Money: Plenty of ATMs that take US ATM cards. Just make sure to tell your bank before you go, in some countries 4 digit pins (no more) are required... However, just note that most places don't actually take credit cards. But basically every little town has an ATM so you can get cash out. Goergia uses the Lari, which is 2.39 Lari to the US $ (2017).
Prices: Super cheap. Gas was only like 1.8 Lari per liter... so like 1/3rd the price of in Italy. Food was usually only $1.5 or so. So nice.
Food: Honestly... this was perhaps the best part of the trip. My favorites where Khachapuri (a bread and cheese dish... this was so good when you got the big round bowl type which had an egg on top of the cheese, so good) and Khinkali (a dumpling type of dish with meat and juice inside the dumpling shell). There was also great wine (dry or sweet reds and dry whites). We also ate plenty of delicious meat stew dishes and soups. The salads that we ate daily were tomato and cuccumber. I love both, so I loved these salads. Finally, Chacha is a brandy alcohol that is pretty much like the Italian Grapa. Super strong, but also tasty.
Boats: Bring your own... there is nowhere that I know of near these areas to rent. There is a very small group of boaters in Georgia, though we were able to sell ours to Russians before departure. But Egor arranged all of that.
Accommodations: We camped several nights. There were a lot of places up the small river valley's that were tucked out of the way from locals. We also stayed at hostels that Egor arranged, most of the towns had some. They appear on google earth too so you can search there.
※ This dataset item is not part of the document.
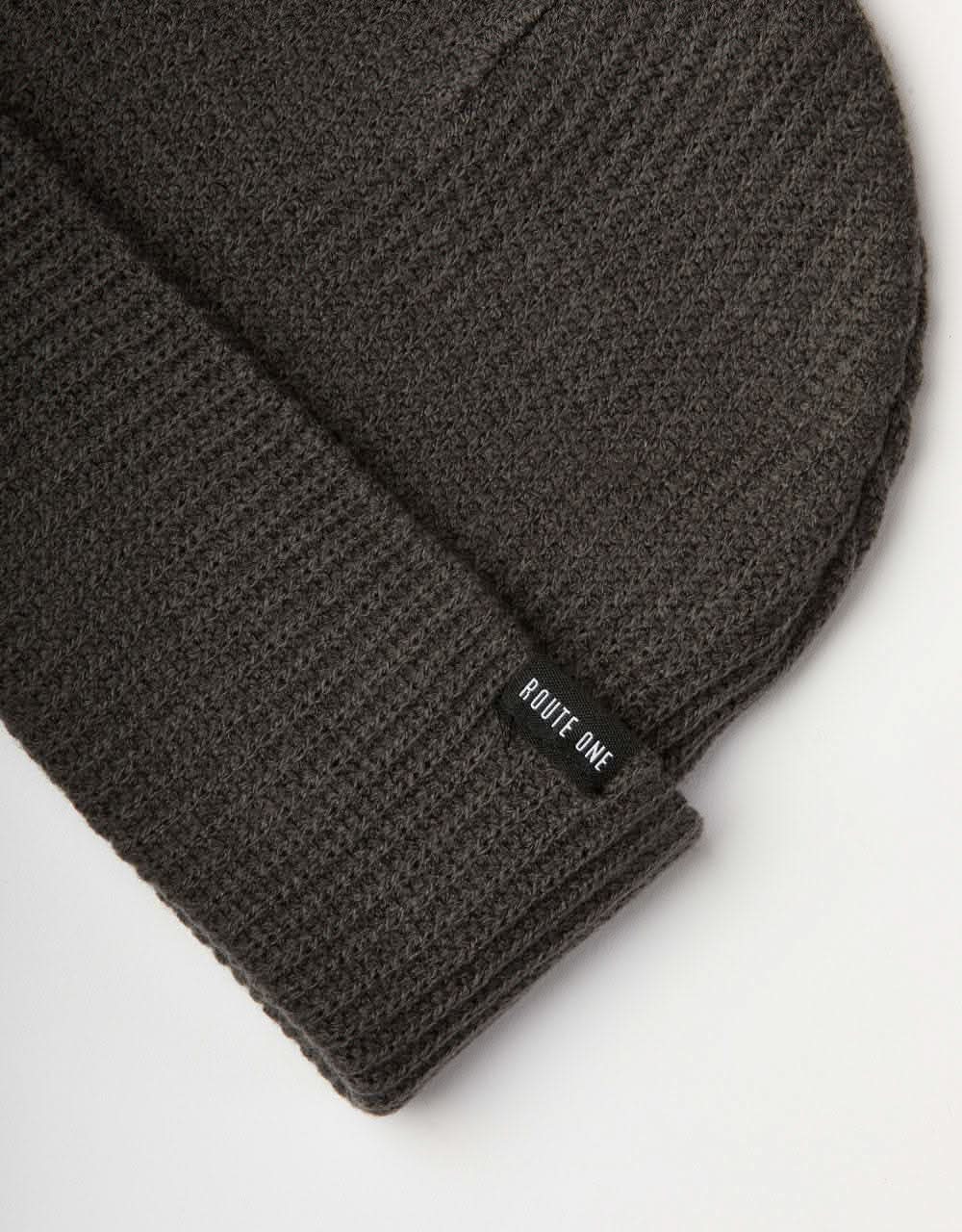 Route One Recycled Fisherman Beanie - Slate Grey - Image 2
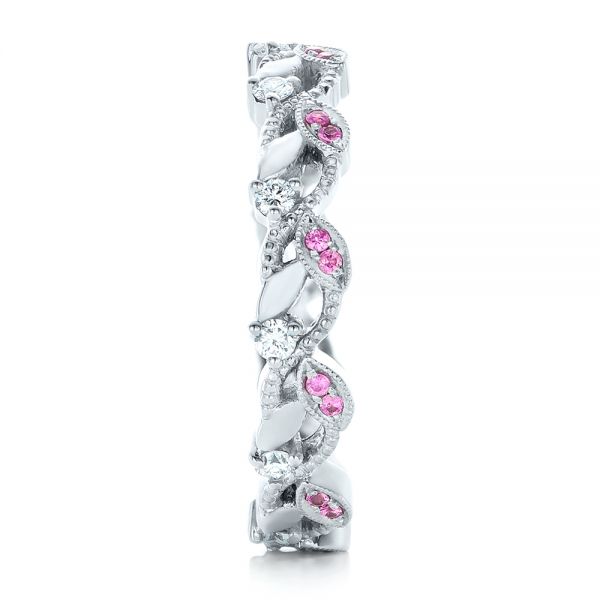 14k White Gold 14k White Gold Custom Organic Pink Sapphire And Diamond Wedding Band - Side View -  102273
Weather: The weather can be all over the place. We had warm days and cold rainy days. Even the warm days though... dry suit was good. Bring extra layers in case it is especially cold. The water is VERY cold most of the time, so be prepared for it. We actually used pogies one or two days. Only like 1 or days did I think "gee, kinda wish I had a dry top" so that day I just wore shorts under the drysuit instead of full layers.
Random Thing to do: When you are in Tbilisi, you have to get a Turkish Bath. Was so nice. We did a lot of other stuff, read the write-ups for the rest of the tourist stuff we did... but the baths were by far my favorite.